It will be noted that the court found as a conclusion of law “that a fraud was committed upon the plaintiff, Mathias Schmitt, by the defendants E. C. Franke, C. M. Schmitt, Carl W. Walter, and Conrad Schmitt in a stifling of competition at the sale.” There is no finding of fact to that effect. It is apparent that the trial court adopted plaintiff’s contention that any agreement or combination among prospective bidders by virtue of which one bids for all is against public policy and void, irrespective of whether the property sells at a fair, price or other fraud results. That doctrine finds support in the earlier cases, but it has been materially modified by modern decisions. It is now quite generally recognized that an arbitrary condemnation of a combination or agreement whereby one of several bids for all as frequently discourages, as it promotes, competition. Many properties are *34subjects of sales for which an adequate price could not be secured if pooling of interests be not permitted, as the fail-value thereof is beyond the ability of the individual to pay. Courts now look to the purpose of the agreement, and unless it be found that it was entered into with the object of suppressing competition at the sale, or accomplishment of other fraud, the sale will not be set aside by mere reason of the agreement itself. As said in Woodruff v. Harrington, 175 Pa. St. 302, 34 Atl. 667, 52 Am. St. Rep. 845:
“Lien creditors, as well as others, may purchase jointly at sheriff’s sale, if all be open and fair. A combination of interests for that purpose is not necessarily corrupt. ... It is . . . the end to be accomplished which makes such a combination lawful or otherwise. If it be to depress the price of the property by artifice, the purchase will be void; if it be to raise the means of payment by contribution, or to divide the property for the accommodation of purchasers, it will be valid. . . . The crucial test of all such arrangements is whether it is fair and without intent to depress the property and get it at an undervalue. The question must in all cases be referred to the jury, and it was error in the court below to rule it as a question of law irrespective of the element of fraud in fact.”

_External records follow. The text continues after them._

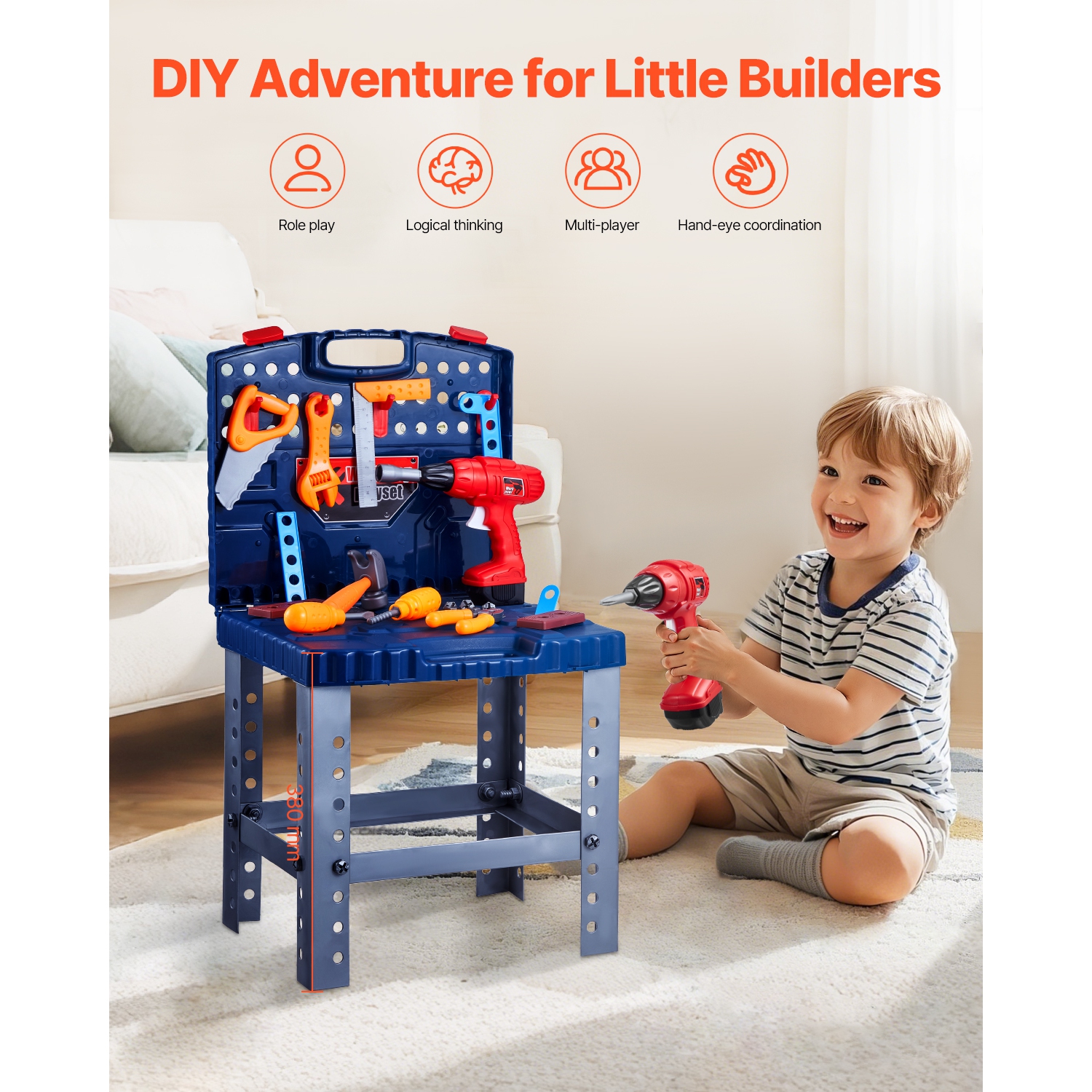 VEVOR 56 pcs Kids Workbench, Kids Tool Bench with Realistic Tools and Electric Drill, Pretend Play Construction Workbench Toys, Toddler Work Bench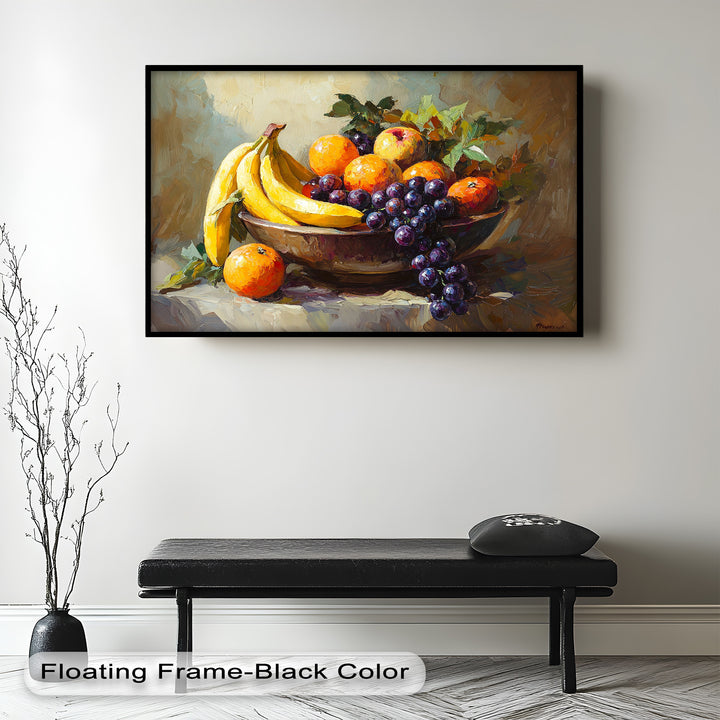 This beautifully detailed painting captures the essence of harvest and home, featuring a colorful arrangement of seasonal fruits in a classic setting.







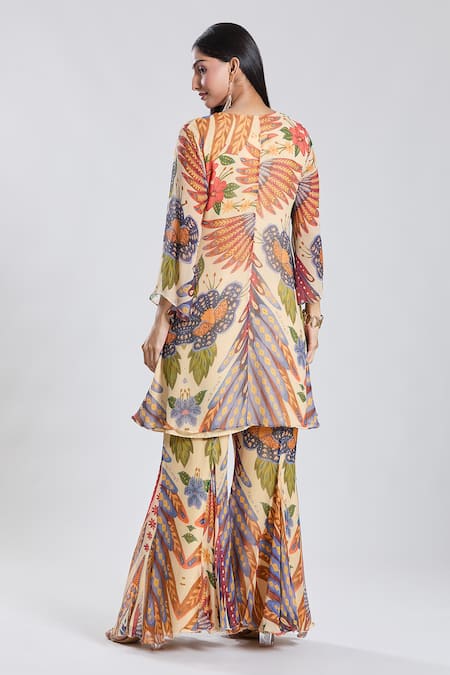 Preeti Jhawar Tuscan Garden Embroidered Kurta With Sharara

In discussing this question in 16 Ruling Case Law, at page 70 it is said:
“The doctrine that would prohibit associations of individuals to bid at the legal public sales of property, as preventing competition, however specious in theory, is too narrow and limited for the practical business of life, and would oftentimes lead inevitably to the evil consequences it was intended to avoid. Instead of encouraging competition it would destroy it, and sales in many instances could be effected only at such a sacrifice as would bring the property within the reach of the means of the individual bidders. . . . The extent to which the doctrine will now be carried therefore seems to embrace only cases of fraudulent acts and combinations having for their object to suppress and stifle fair competition at the sale with the purpose of acquiring the property at less than its fair value.”
*35As a preface to a collation of authorities on this subject in a note to the case of Coal & Coke R. Co. v. Marple (70 W. Va. 136, 73 S. E. 261), 38 L. R. A. n. s. 719, the rule is stated thus:
“The authorities all agree that a contract entered into by-several persons, under which one of them is to purchase property at public sale for the benefit of all the parties, is void as against public policy, and is ground for setting the sale aside where it appears that it was made to prevent competition at the sale or for any otlier fraudulent purpose. But the great majority of the cases hold that the mere combination does not of itself amount to such fraud as to render the contract unenforceable as between the parties, or to constitute grounds to set aside the sale. Numerous early decisions holding the mere combination of itself fraudulent and as ground for setting aside the sale have been overruled.”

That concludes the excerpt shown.